In südlicher Richtung wird Limone zunehmend touristischer: Vom winzigen Porto Vecchio im alten Ortskern führen Bogengänge Richtung Porto Nuovo mit seiner überdimensionierten und beflaggten, aber ansonsten gesichtslosen Uferpromenade. Oberhalb der Gardesana beginnt das moderne, in die alten Olivenhaine hinein gebaute Hotelviertel.

Sirmione

Trotz seines berüchtigten Rufs als Touristenmagnet erster Güte gehört das Städtchen auf der über drei Kilometer langen schmalen Halbinsel zu den Zielen, die man am Lago gesehen haben muss. Und so begeben wir uns an einem sonnigen Samstag auf die mühsame, fast zweistündige Anreise in den Süden – immer auf der nicht enden wollenden Gardesana im Kolonnenverkehr entlang. Neben der sehenswerten Scaligerburg versprechen insbesondere die geheimnisvollen „Grotten des Catull“, die überdimensionalen Überreste einer römischen Villa, einen kurzweiligen Nachmittag. Eine zwischenzeitliche Mittagspause führt uns jedoch zunächst nach

Saló,

einem noblen Badeort am eigenen Fjord. Zwei Stadttore begrenzen die verkehrsberuhigte Einkaufsstraße. Der prächtige Duomo ist so dicht umbaut, dass seine wahren Ausmaße nur vom Ufer aus zu erahnen sind. An selbiges grenzt auch das von einer Säulenhalle gestützte Rathaus. Saló erlangte als Sitz der gleichnamigen faschistischen Republik traurige Berühmtheit, als 1943-45 von hier aus in einer unscheinbaren Villa die Reste des noch von den Deutschen kontrollierten italienischen Territoriums im Norden unter dem von Hitler wieder eingesetzten Duce Mussolini regiert wurden und somit die Judendeportationen eine neue Dimension erreichten.

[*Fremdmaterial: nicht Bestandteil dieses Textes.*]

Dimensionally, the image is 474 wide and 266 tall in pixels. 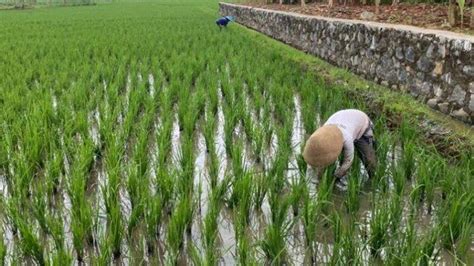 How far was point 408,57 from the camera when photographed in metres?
4.27

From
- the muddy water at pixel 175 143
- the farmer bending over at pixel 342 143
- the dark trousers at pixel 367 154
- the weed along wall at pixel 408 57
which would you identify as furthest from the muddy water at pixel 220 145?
the weed along wall at pixel 408 57

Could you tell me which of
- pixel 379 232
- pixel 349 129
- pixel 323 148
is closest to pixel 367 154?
Answer: pixel 349 129

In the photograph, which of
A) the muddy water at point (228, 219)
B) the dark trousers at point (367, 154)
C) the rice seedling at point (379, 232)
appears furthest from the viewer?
the dark trousers at point (367, 154)

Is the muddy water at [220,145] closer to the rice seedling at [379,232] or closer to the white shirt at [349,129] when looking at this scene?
the white shirt at [349,129]

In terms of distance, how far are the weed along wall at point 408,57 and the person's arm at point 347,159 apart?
1301mm

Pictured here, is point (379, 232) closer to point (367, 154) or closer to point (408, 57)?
point (367, 154)

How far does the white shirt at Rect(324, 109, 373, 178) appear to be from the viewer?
255cm

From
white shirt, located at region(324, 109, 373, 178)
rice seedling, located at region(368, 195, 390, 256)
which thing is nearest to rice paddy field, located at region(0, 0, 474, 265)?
rice seedling, located at region(368, 195, 390, 256)

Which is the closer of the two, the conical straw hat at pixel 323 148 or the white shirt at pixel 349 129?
the conical straw hat at pixel 323 148

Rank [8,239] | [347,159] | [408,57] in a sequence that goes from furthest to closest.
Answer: [408,57] < [347,159] < [8,239]

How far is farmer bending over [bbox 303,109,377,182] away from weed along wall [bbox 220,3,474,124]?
100cm

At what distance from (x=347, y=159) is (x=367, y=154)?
28cm

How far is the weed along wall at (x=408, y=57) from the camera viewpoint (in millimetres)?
3439

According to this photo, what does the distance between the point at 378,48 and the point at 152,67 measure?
9.51ft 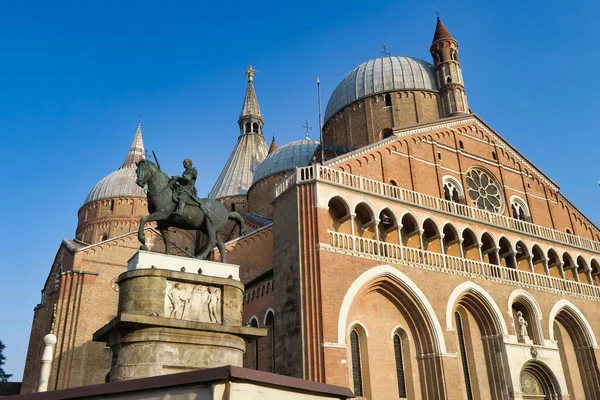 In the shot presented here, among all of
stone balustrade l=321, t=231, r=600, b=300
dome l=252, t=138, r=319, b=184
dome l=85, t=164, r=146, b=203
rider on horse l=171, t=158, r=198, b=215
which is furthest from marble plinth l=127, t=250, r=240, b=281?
dome l=85, t=164, r=146, b=203

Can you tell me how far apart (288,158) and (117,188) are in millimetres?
16765


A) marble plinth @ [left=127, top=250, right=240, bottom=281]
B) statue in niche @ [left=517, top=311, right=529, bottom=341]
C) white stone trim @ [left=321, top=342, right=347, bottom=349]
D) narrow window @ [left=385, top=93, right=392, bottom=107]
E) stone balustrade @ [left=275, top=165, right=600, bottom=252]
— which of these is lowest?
marble plinth @ [left=127, top=250, right=240, bottom=281]

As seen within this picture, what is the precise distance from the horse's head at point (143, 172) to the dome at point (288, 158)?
26.7m

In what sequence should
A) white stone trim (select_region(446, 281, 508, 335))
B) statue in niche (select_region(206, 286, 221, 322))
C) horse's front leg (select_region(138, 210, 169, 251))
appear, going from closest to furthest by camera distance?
statue in niche (select_region(206, 286, 221, 322)), horse's front leg (select_region(138, 210, 169, 251)), white stone trim (select_region(446, 281, 508, 335))

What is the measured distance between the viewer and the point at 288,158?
124 feet

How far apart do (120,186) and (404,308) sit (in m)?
32.1

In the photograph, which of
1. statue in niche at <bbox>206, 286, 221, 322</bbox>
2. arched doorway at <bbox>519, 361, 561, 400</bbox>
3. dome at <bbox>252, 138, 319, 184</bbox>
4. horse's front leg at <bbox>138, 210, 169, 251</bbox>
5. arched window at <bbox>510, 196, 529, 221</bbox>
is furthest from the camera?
dome at <bbox>252, 138, 319, 184</bbox>

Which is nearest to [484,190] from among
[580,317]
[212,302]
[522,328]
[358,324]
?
[522,328]

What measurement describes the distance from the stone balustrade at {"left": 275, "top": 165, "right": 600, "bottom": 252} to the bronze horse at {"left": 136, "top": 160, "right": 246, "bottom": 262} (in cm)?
949

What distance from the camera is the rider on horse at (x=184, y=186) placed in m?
10.4

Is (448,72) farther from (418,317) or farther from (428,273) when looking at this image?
(418,317)

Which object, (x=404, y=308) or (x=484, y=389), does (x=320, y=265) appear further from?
(x=484, y=389)

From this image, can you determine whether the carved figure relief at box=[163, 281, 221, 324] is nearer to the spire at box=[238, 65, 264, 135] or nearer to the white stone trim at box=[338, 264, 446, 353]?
the white stone trim at box=[338, 264, 446, 353]

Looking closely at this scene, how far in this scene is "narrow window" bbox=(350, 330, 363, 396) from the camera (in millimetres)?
18969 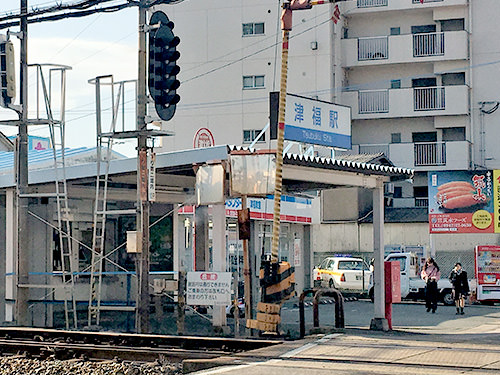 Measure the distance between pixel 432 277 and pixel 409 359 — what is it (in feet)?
53.9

Gegen 14.00 Uhr kommen wir am sittenwidrig teuren Parkplatz vor den Toren Sirmiones an: 2,20 € pro Stunde kann man gut und gerne als mittlere Frechheit bezeichnen, zumal links und rechts keine Ausweichmöglichkeit besteht und ausnahmslos jeder hier seine Kiste abstellen muss, womit die vor uns liegende trutzige Scaligerburg nach wie vor ihre angestammte Funktion der Wegelagerei erfüllt.

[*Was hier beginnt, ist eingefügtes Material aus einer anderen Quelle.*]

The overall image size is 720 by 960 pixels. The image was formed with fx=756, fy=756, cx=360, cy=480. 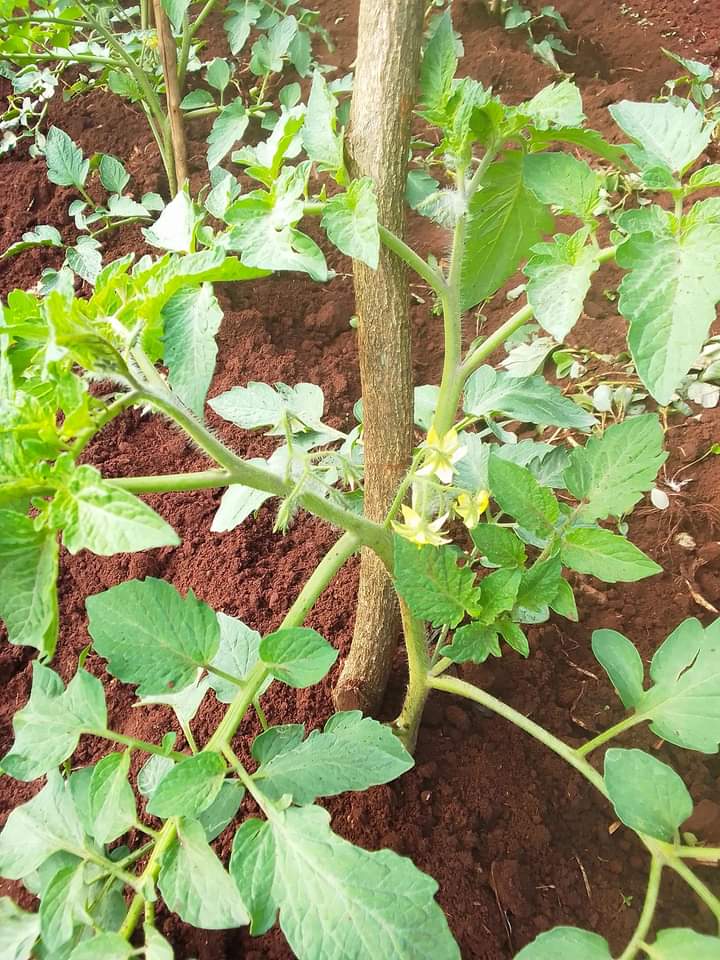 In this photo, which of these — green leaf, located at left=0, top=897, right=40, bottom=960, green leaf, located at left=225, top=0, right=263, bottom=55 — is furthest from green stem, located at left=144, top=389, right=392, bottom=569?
green leaf, located at left=225, top=0, right=263, bottom=55

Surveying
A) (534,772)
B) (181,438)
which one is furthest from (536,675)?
(181,438)

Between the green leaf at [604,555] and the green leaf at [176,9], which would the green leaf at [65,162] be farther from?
the green leaf at [604,555]

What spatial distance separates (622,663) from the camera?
79 cm

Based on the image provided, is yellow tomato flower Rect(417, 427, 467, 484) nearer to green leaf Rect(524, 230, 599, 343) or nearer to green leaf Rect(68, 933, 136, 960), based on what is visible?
green leaf Rect(524, 230, 599, 343)

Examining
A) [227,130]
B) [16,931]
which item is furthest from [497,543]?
[227,130]

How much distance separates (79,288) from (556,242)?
4.97 feet

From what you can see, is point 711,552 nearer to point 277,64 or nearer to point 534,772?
point 534,772

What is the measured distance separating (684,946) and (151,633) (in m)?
0.53

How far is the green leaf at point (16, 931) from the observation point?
80cm

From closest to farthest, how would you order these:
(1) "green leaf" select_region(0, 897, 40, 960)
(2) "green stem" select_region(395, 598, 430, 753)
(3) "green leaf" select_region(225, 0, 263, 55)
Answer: (1) "green leaf" select_region(0, 897, 40, 960) → (2) "green stem" select_region(395, 598, 430, 753) → (3) "green leaf" select_region(225, 0, 263, 55)

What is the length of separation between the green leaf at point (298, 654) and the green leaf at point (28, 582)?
0.75 feet

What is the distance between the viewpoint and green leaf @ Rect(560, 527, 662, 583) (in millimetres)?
754

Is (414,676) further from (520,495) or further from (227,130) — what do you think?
(227,130)

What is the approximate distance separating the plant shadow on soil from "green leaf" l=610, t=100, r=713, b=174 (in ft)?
2.51
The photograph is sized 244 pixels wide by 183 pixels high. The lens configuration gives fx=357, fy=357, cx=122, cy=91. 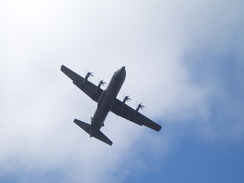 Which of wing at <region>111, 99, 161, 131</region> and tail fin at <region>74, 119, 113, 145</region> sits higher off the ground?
wing at <region>111, 99, 161, 131</region>

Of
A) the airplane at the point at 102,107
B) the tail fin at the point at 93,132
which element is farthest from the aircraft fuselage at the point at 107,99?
the tail fin at the point at 93,132

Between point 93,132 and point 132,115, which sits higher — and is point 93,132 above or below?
below

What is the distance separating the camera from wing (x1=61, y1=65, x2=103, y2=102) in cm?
6025

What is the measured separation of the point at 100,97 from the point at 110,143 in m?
10.2

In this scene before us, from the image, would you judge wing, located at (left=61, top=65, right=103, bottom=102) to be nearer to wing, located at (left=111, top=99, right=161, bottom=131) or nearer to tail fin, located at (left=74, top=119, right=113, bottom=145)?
wing, located at (left=111, top=99, right=161, bottom=131)

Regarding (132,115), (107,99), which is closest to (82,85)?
(107,99)

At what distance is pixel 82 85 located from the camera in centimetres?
6022

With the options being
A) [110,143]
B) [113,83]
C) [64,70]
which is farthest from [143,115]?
[64,70]

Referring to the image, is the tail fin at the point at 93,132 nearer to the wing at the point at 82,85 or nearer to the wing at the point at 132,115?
the wing at the point at 132,115

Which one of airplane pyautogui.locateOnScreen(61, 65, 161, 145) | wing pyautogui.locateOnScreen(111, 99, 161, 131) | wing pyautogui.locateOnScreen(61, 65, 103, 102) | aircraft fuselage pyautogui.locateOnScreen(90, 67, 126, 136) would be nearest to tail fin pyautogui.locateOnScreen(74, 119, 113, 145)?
airplane pyautogui.locateOnScreen(61, 65, 161, 145)

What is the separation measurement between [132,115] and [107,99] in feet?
27.3

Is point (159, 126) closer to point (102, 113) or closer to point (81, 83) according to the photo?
point (102, 113)

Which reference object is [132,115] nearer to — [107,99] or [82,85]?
[107,99]

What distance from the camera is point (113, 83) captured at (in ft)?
176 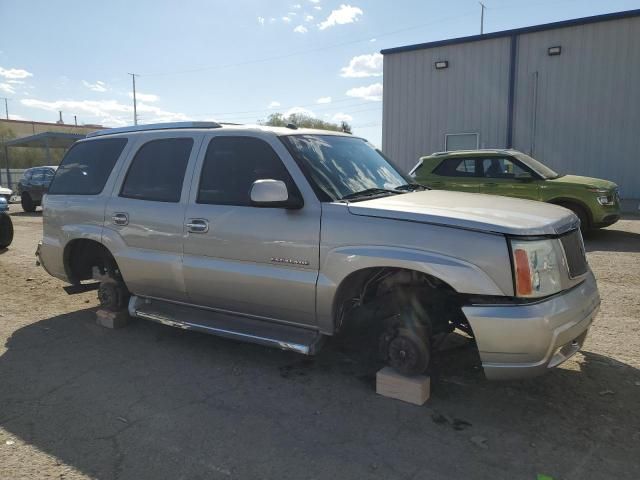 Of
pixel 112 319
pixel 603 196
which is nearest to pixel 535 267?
pixel 112 319

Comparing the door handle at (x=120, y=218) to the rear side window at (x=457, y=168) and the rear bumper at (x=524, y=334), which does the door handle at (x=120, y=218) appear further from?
the rear side window at (x=457, y=168)

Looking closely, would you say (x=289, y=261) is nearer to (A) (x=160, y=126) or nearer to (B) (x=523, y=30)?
(A) (x=160, y=126)

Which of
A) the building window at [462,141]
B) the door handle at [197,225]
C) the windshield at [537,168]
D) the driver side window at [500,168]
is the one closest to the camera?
the door handle at [197,225]

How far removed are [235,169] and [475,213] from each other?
→ 196 cm

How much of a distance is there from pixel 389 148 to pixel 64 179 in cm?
1540

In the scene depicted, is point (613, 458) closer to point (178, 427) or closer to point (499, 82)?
point (178, 427)

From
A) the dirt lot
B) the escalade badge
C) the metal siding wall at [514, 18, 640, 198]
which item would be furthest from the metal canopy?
the escalade badge

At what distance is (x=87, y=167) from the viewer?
207 inches

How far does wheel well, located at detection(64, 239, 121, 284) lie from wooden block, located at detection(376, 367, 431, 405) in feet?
10.1

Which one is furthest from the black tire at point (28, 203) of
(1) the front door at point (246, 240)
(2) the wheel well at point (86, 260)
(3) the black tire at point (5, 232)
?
(1) the front door at point (246, 240)

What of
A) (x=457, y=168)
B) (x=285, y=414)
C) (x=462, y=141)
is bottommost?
(x=285, y=414)

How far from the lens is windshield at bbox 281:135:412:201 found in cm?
385

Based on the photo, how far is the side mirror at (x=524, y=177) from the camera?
10.0 m

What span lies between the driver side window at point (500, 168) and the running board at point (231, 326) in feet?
25.2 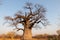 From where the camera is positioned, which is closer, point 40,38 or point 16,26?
point 16,26

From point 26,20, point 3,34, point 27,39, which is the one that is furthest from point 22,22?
point 3,34

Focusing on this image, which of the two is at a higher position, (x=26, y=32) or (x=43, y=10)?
(x=43, y=10)

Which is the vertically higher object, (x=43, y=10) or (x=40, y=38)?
(x=43, y=10)

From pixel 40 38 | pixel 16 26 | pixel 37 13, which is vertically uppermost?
pixel 37 13

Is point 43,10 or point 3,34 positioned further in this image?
point 3,34

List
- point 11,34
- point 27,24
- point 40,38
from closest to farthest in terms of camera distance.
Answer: point 27,24, point 11,34, point 40,38

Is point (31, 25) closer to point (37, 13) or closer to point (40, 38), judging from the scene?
point (37, 13)

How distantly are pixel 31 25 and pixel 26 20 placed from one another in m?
0.55

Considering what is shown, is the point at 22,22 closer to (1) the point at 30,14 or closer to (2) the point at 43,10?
(1) the point at 30,14

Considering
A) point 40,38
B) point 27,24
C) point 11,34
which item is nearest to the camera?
point 27,24

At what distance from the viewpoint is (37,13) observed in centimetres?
1628

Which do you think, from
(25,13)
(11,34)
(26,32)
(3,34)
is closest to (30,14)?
(25,13)

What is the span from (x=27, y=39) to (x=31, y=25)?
116 cm

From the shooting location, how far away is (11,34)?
17.0 metres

Die sich durch die engen Gässchen wälzenden Touristenmassen lassen ein motorisiertes Fortkommen auch gar nicht zu und so ergreifen wir die Flucht nach vorne, vorbei an ungezählten Eissalons und Boutiquen. Ein Uferweg führt zu den schweflig stinkenden heißen Quellen und dem ‚Strand der Blondinen’, dann direkt zur Landspitze mit dem weitläufigen archäologischen Gelände. Die Kinder von EU-Bürgern haben hier freien Eintritt – das nenne ich doch mal konzertierte europäische Bildungspolitik!

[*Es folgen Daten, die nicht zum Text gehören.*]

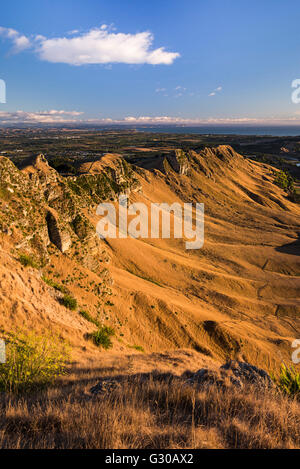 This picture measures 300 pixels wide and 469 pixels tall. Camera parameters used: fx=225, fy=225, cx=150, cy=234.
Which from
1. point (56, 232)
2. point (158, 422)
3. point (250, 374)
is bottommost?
point (250, 374)

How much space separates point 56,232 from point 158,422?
56.3 feet

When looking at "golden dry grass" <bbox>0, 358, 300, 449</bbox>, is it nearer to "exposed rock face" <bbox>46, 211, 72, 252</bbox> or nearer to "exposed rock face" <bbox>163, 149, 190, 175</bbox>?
"exposed rock face" <bbox>46, 211, 72, 252</bbox>

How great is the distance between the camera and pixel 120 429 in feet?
12.0

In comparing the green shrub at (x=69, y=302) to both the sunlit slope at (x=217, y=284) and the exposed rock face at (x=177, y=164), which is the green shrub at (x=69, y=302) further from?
the exposed rock face at (x=177, y=164)

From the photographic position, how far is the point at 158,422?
4.21 metres

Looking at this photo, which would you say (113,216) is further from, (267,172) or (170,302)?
(267,172) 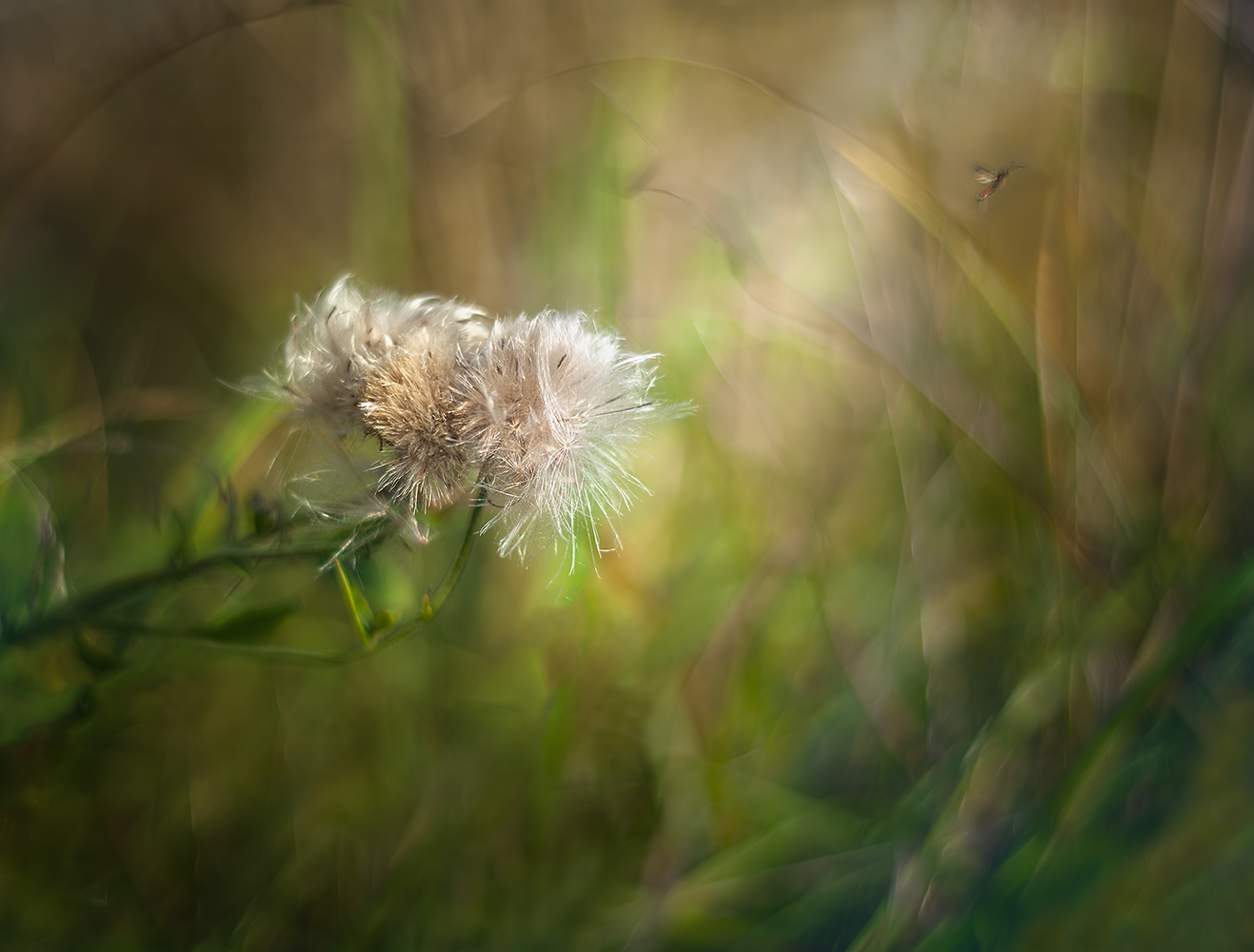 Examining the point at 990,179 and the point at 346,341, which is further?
the point at 990,179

Der Weg führt zunächst durch ein modernes Museum mit Keramikfunden und rekonstruierten Fresken, danach durch einen idyllischen Olivenhain, unter dem sich, wie sich dann heraus stellt, mindestens zwei Ebenen des monumentalen Unterbaus eines Sanatoriums und Thermalbads aus dem 2. Jahrhundert verbergen. Auch wenn von der eigentlichen Villa kaum etwas zu sehen ist – einige Pfeiler und einen Aquädukt hat man wieder aufgestellt – sind die riesigen intakten Bögen und Gewölbe mit ihren pittoresken Durchbrüchen zum smaragdgrünen Wasser des Sees schwer beeindruckend. Knapp unter der Wasseroberfläche ist der Verlauf des von zahllosen Rissen durchsetzten Felsplateaus gut zu erkennen. Leider stört das permanente Getöse der um die Halbinsel herumdüsenden geschätzten zehntausend Motorjachten die ansonsten nahezu perfekte Szenerie.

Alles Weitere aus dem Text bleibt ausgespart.